TASK DESCRIPTION:
With all pictures excluded, restate the records that follow exactly as written.

[Records from a collection]

%%

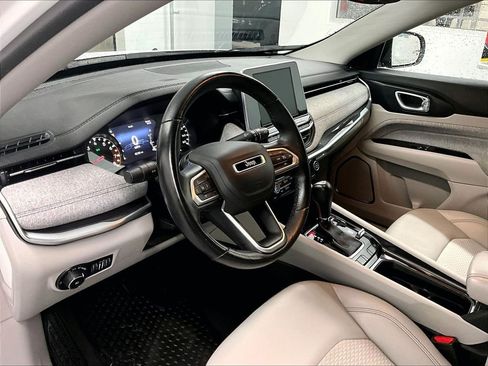 Used 2022 Jeep Compass Latitude w/ Convenience Group AWD/4WD image 8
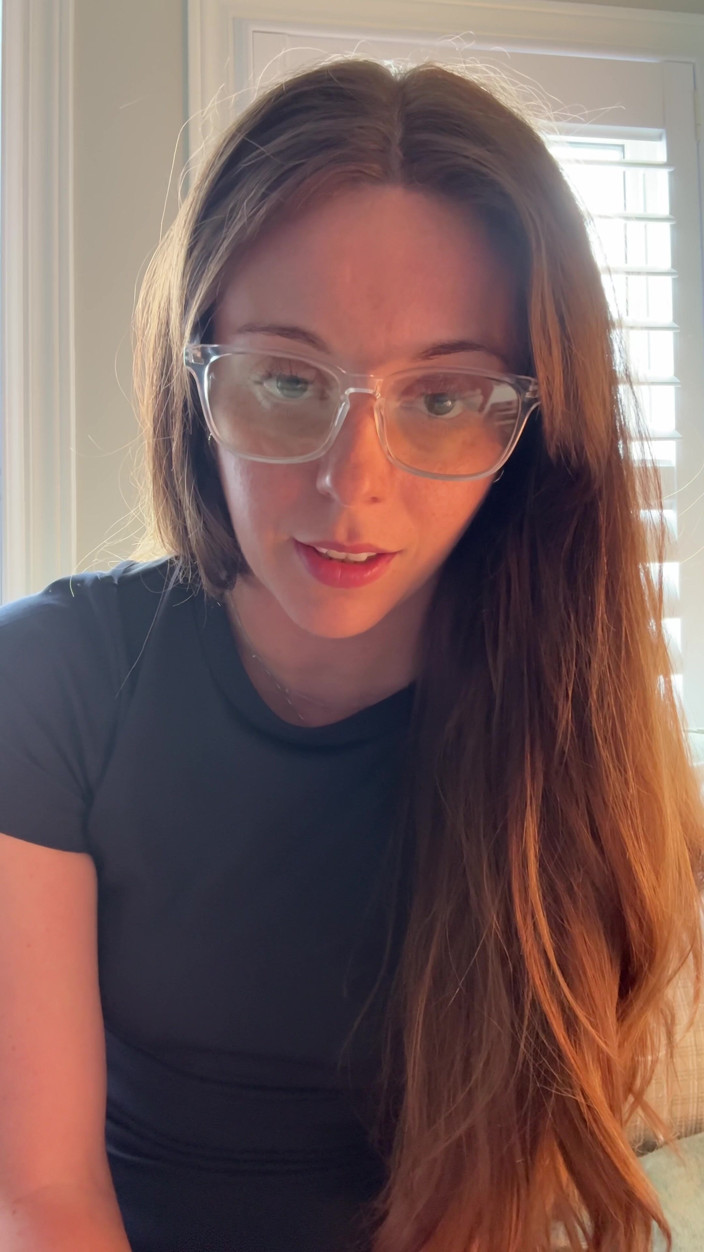 Nadia Foxx: Kočka v brýlích vám řekne, jak mrtvici!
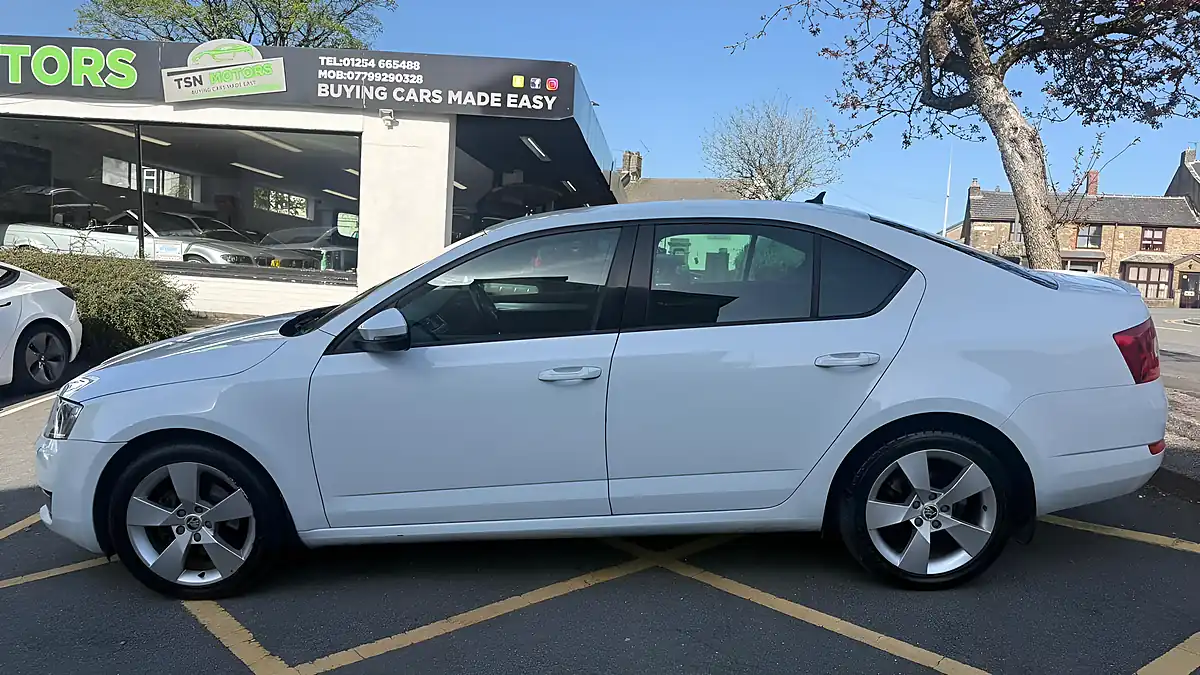 Used 2017 Skoda Octavia Se Sport White - Interior and Exterior details 17
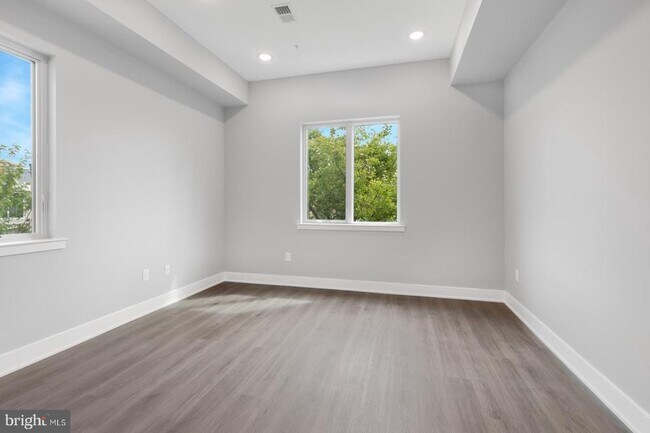 Foto del edificio - 2119 N Front St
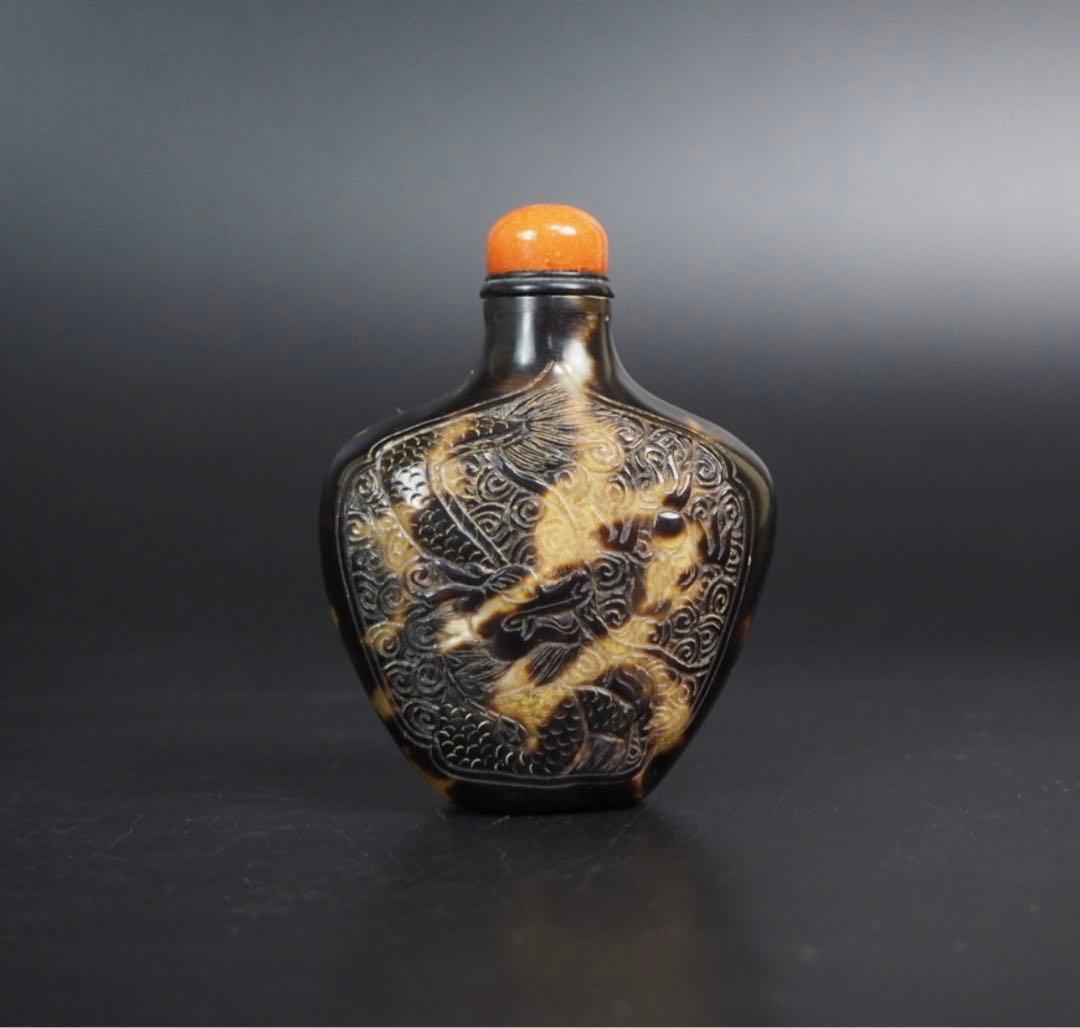 送料無料　清時代本べっ甲（玳瑁）龍鳳細密彫刻鼻煙壺 ★時代珍品★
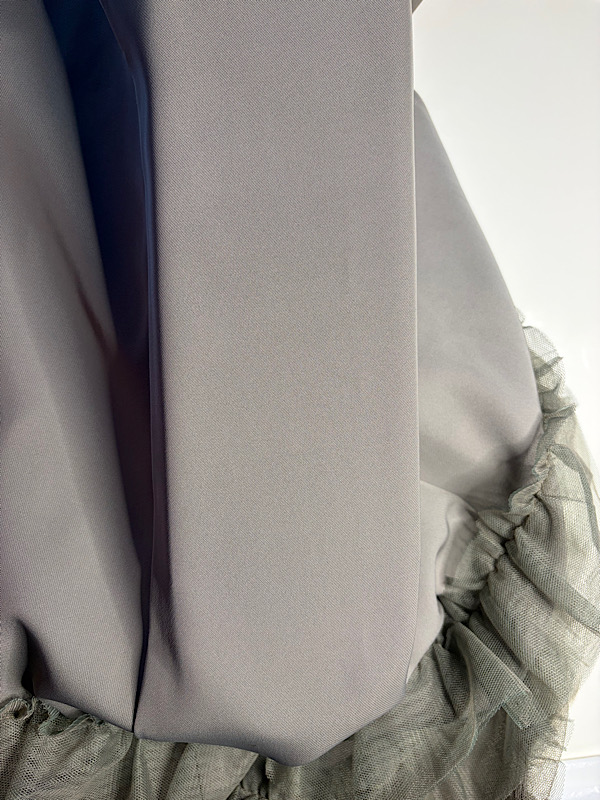 ドレスに付いた食べこぼしのシミについて！|愛知洗い人｜愛知県染み抜きのできるクリーニング店紹介サイト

%%

REPLY:
 Used 2022 Jeep Compass Latitude w/ Convenience Group AWD/4WD image 8
 Nadia Foxx: Kočka v brýlích vám řekne, jak mrtvici!
 Used 2017 Skoda Octavia Se Sport White - Interior and Exterior details 17
 Foto del edificio - 2119 N Front St
 送料無料　清時代本べっ甲（玳瑁）龍鳳細密彫刻鼻煙壺 ★時代珍品★
 ドレスに付いた食べこぼしのシミについて！|愛知洗い人｜愛知県染み抜きのできるクリーニング店紹介サイト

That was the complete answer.